In the past, computational ‘cost’ has been a major limiter for specific search techniques. A high computational cost, whether of resources or computing time, could easily make a particular search technique either impractical or impossible for certain use cases.
This is why SVR represents a groundbreaking shift in search techniques. It makes LSI a far more practical option for many more use cases, and it also points to a potential path by which the power and efficiency of LSI could be made to work well within internet search engines.
But in the meantime, it’s not as if LSI isn’t being used at all. It definitely is, but it’s being used for applications where it makes the most sense.
SVR adds to that list of applications in a big way.
Search engines, whether they’re popular internet search engines with millions of users or bespoke search engines for professionals and specialists, offer a range of utility and efficiency.

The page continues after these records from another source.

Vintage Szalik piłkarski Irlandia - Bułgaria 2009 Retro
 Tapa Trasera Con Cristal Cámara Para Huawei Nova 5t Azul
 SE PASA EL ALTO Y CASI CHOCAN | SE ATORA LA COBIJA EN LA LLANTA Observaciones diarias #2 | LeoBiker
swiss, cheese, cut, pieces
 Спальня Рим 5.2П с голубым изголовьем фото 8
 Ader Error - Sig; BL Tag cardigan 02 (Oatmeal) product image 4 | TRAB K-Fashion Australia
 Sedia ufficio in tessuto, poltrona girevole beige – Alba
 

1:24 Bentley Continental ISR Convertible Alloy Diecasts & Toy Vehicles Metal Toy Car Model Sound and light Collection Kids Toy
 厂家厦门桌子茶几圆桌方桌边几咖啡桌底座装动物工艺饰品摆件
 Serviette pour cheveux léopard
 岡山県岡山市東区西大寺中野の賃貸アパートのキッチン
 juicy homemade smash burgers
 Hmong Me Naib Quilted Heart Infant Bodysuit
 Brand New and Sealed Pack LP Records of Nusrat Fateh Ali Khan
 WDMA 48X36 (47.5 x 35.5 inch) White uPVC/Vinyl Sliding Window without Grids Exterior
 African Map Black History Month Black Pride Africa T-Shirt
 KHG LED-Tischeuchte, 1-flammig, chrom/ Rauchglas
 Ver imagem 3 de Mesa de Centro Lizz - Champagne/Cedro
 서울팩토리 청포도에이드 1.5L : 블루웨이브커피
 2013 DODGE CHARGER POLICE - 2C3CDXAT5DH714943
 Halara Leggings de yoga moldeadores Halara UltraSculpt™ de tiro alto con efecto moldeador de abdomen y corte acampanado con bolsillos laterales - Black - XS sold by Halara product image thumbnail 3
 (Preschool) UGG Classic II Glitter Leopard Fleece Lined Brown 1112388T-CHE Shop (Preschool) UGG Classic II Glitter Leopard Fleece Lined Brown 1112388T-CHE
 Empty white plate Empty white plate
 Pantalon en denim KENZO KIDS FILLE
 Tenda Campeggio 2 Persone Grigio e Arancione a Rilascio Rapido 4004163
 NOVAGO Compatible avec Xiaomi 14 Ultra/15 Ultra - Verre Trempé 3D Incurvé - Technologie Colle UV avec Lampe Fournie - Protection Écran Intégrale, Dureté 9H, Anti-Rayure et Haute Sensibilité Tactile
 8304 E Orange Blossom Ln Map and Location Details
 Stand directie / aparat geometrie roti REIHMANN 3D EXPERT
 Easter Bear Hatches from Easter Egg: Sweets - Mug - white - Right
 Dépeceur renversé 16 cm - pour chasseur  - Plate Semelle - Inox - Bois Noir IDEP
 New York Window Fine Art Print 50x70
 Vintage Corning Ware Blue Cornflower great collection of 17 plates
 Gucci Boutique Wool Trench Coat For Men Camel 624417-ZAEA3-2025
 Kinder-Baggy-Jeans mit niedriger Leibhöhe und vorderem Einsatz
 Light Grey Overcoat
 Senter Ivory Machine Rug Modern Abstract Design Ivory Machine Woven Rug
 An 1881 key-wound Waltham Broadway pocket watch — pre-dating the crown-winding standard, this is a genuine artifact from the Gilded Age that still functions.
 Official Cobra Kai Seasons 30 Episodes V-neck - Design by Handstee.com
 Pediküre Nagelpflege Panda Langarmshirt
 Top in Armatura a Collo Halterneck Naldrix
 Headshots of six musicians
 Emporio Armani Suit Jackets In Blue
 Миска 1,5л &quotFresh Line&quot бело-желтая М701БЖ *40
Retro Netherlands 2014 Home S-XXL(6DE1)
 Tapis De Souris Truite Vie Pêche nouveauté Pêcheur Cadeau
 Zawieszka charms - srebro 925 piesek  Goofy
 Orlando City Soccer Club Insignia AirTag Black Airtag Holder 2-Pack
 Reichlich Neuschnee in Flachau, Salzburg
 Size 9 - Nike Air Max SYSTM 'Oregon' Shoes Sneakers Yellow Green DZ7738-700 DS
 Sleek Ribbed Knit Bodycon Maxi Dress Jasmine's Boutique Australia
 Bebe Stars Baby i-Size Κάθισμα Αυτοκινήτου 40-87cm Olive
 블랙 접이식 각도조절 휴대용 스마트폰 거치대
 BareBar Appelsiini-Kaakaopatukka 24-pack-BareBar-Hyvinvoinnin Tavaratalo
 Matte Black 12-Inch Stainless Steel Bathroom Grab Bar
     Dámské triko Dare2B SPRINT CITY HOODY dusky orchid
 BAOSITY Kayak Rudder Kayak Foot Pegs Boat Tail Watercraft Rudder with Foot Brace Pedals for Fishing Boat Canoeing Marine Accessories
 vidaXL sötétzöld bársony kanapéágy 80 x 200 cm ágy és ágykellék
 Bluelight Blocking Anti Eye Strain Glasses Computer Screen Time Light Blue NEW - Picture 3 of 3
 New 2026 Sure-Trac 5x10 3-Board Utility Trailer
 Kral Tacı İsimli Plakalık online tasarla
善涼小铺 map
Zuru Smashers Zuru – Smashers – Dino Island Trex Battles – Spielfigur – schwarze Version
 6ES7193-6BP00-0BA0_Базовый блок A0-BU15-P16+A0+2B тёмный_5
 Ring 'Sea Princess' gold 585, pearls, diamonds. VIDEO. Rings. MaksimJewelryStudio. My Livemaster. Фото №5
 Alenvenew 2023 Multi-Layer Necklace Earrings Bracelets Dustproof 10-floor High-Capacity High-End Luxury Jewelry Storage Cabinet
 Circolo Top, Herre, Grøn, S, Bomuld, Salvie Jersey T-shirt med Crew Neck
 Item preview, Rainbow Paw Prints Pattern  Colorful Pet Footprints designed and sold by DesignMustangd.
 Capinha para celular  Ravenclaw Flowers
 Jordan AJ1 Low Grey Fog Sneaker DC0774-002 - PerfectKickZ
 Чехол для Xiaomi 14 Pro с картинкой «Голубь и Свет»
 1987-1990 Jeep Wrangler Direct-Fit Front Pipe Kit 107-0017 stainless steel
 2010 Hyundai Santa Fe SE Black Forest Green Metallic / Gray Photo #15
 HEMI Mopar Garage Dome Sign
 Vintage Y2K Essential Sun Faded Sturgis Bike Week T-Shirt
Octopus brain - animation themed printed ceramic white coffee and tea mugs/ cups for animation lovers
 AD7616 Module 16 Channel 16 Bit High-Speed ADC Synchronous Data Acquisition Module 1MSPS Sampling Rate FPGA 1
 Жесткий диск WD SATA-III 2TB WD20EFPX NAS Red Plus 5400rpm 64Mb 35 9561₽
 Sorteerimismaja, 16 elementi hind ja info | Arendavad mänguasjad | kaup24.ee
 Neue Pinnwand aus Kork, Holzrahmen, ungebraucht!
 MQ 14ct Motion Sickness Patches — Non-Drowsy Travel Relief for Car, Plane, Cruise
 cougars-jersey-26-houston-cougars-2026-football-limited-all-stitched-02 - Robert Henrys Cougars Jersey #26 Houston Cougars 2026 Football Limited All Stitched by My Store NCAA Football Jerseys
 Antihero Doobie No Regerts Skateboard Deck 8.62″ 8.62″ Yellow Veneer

Current search techniques in use by major search engines are practical and effective for many use cases, but they fail in specific instances, especially in terms of accuracy, which highlights the need for substantial improvement.
Historically, LSI has proven to be superior to other search techniques in several key areas, but the computational cost associated with LSI also limits its number of practical applications.
Dr. Hua Yan has proposed a modification to LSI known as SVR, and during experiments, SVR has outperformed other LSI search methods. These findings have been published via multiple research papers: “Techniques For Improved LSI Text Retrieval” and “Augmenting the power of LSI in text retrieval: Singular value rescaling.”
SVR has the potential to bridge the gap between hyper-efficient LSI and the large-capacity but flawed techniques currently being used by major search engines.
Special thanks to Dr. Hua Yan for leading this fascinating look at LSI, SVR, and search techniques in a more general sense as well.